EXERCISE BRIEF: What you return should match the data exactly, from the first line to the last.

DATA EXCERPT:
>>>>
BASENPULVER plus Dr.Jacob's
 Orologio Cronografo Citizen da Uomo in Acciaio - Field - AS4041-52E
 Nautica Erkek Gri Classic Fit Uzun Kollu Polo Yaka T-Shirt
<<<<
REPLY TO THE EXERCISE:
BASENPULVER plus Dr.Jacob's
 Orologio Cronografo Citizen da Uomo in Acciaio - Field - AS4041-52E
 Nautica Erkek Gri Classic Fit Uzun Kollu Polo Yaka T-Shirt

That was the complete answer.